Paper short abstract:
In New Caledonia governance arrangements concerning the consumption of energy have to be constantly renegotiated in this period of rising prices. Rural people in this French overseas territory find themselves at the very end of the supply chain and have to use their agency to find creative solutions addressing the question of paying for energy, of access to services as well as of maintaining or gaining an entry into the contemporary digital lifestyle.
Paper long abstract:
My paper proposes to look at the renegotiations of governance arrangements regarding energy consumption in New Caledonia. In this French Overseas territory energy prices are indeed very high and they are still rising. Many people have difficulties paying for energy and get into trouble if for example the electricity bill is higher than expected. Meanwhile utility companies introduce pre-paid cards to improve payment, customers block the local airline to complain about rising airfares, wind-farms go bankrupt and islanders revert to wood for cooking instead of gas. In New Caledonia especially people in the rural areas find themselves at the very end of the supply chain and often cannot chose between different providers as can city dwellers. But even they have agency and can engage negotiations on the how their provision in energy is governed. They use their limited space of action to maintain liveable conditions and retain or gain access to assets of modernity for which energy is a necessary condition.
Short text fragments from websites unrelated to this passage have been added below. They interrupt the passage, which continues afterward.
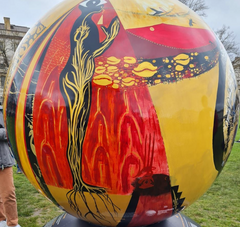 Sarah L. – 38 – Manchester, UK avatar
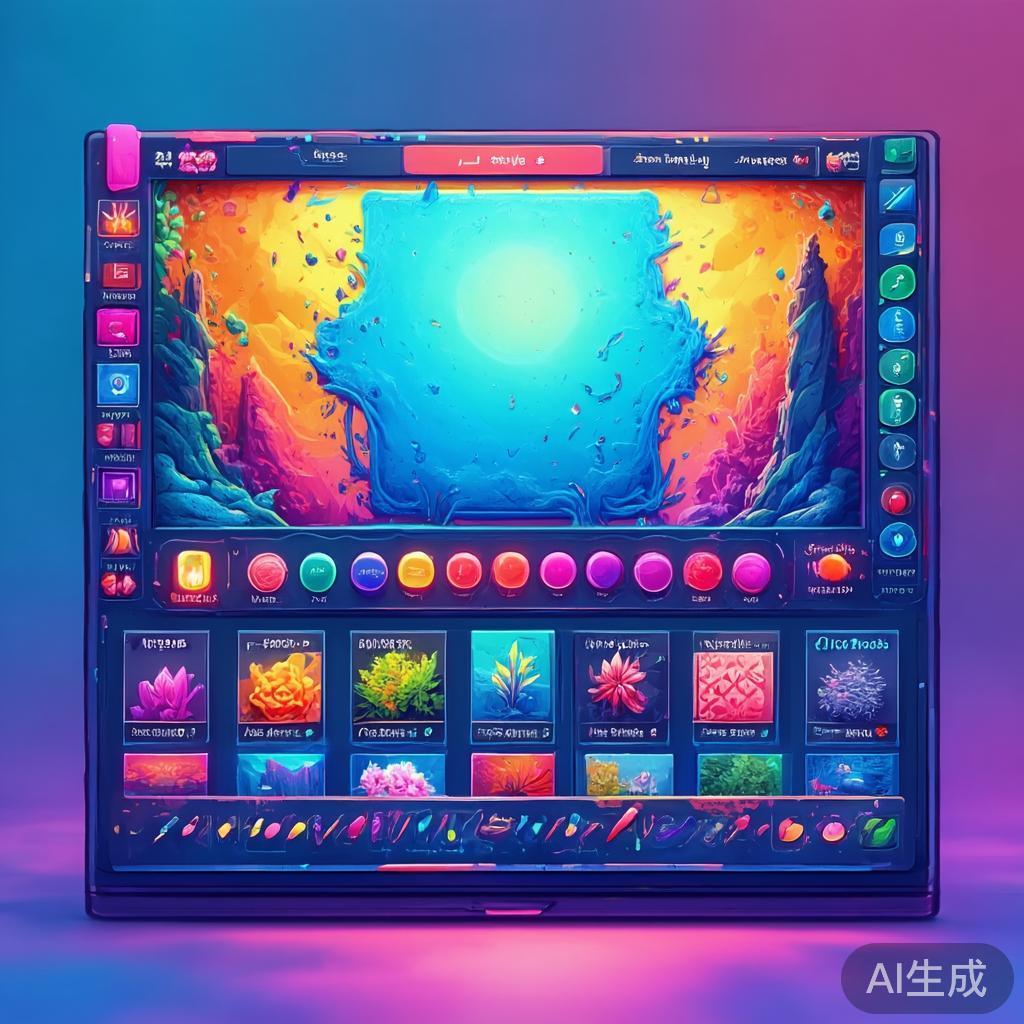 AI画图免费教程:轻松入门,解锁你的创意潜能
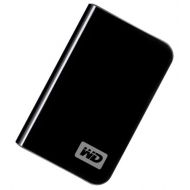 Western Digital 500 GB Portable Hard Drive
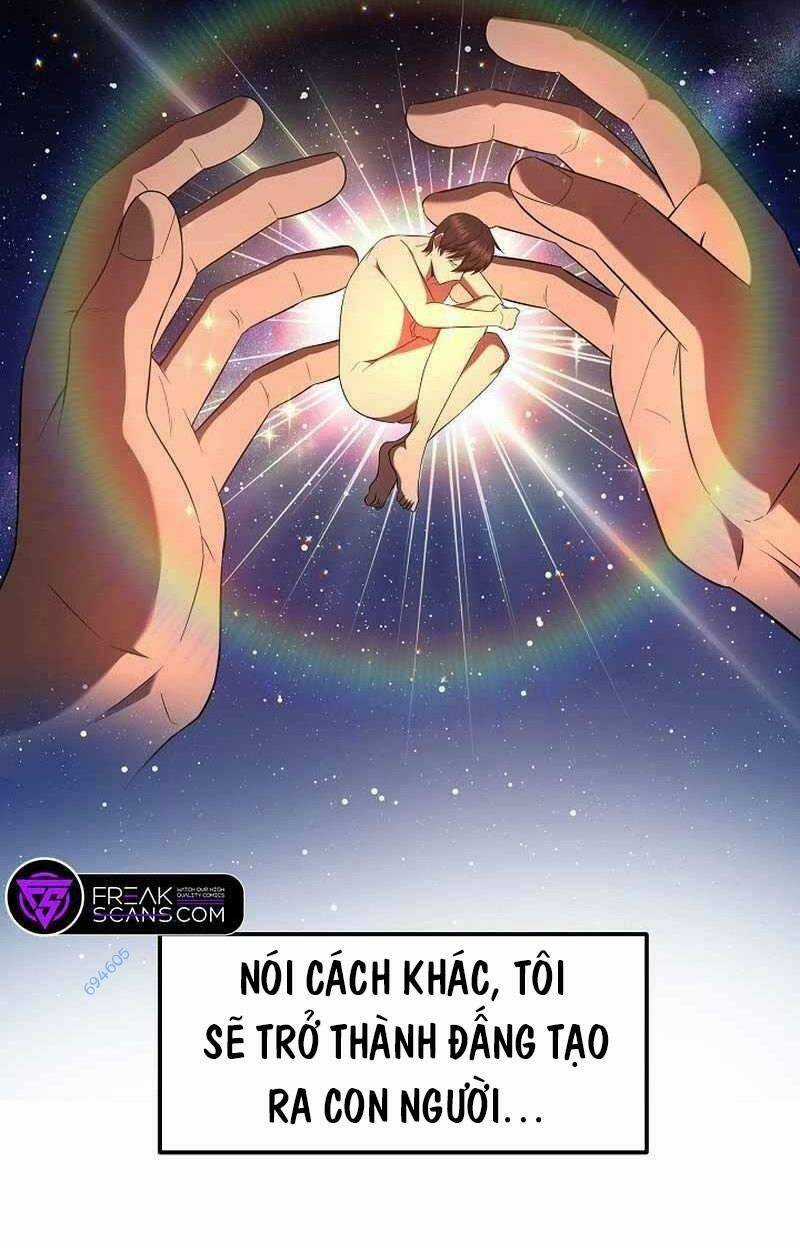 Sự Khởi Đầu Của Tiền Nhân Chapter 9 trang 51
Without being able to pay for energy in form of cooking gas, car fuel and electricity a contemporary lifestyle is impossible and rural people are thus forced to engage, create and innovate in order to try to keep pace with a world more and more shaped by electronic devices, digital communications and access to information. With the energy transition fully underway, people have to constantly renegotiate governance arrangements concerning energy consumption. Prices for energy in all form are openly debated, rises contested and strategies developed to engage rising prices by less costly alternatives.